So I think this is a real issue, and the proposals would go a long way in alleviating them. Imetsia (talk) 20:29, 2 January 2022 (UTC)[reply]
Sorry, I should have made it clear that my comments apply only to WT:RFDE. I do not ever participate at WT:RFDN. Mihia (talk) 20:36, 2 January 2022 (UTC)[reply]
I've given it some thought and I'm adding in my two sense, namely to voting criteria. I'm not sure that the problem is whether IP's can vote or not, as that's not something that's come up very often, but rather who can vote at all. The current rules is "the first English wikt vote must have been made 1 week before the given vote, 50 edits in total, and no suckpuppetting". I can't really think of a way to stop sockpupetting anymore than we are now. I also don't believe that votes cast by non-regular editors has really affected the outcomes - however I do wonder if some of the criteria and procedures should be slightly more standardized. Is a week and 50 votes enough for a given IP or account? Would a better rule be "the first edit must predate the CREATION" of the vote by one week", rather than the start time? Is 50 edits enough? Are people with only 50 edits really going to be all that aware of votes and how to even cast them and such?
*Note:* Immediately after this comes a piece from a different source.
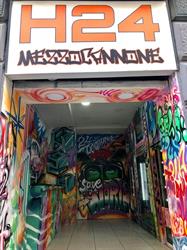 H24 Mezzocannone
On a similar note, in light of recent admin votes, we should consider implementing a standard that all votes begin and end at 23:59, and instead of "a month, give or take", perhaps set lengths for types of votes. I propose a tiered system - quick votes (i.e. bot votes) can last 15 days, standard votes 30. Vininn126 (talk) 20:30, 3 January 2022 (UTC)[reply]
@Vininn126: You're clearly mistaken there; this is for WT:RFD, not for actual votes (of which the rules are pretty clearly defined and I don't propose to change that). —Svārtava [tcur] 06:22, 4 January 2022 (UTC)[reply]
oop, brainfart Vininn126 (talk) 07:30, 4 January 2022 (UTC)[reply]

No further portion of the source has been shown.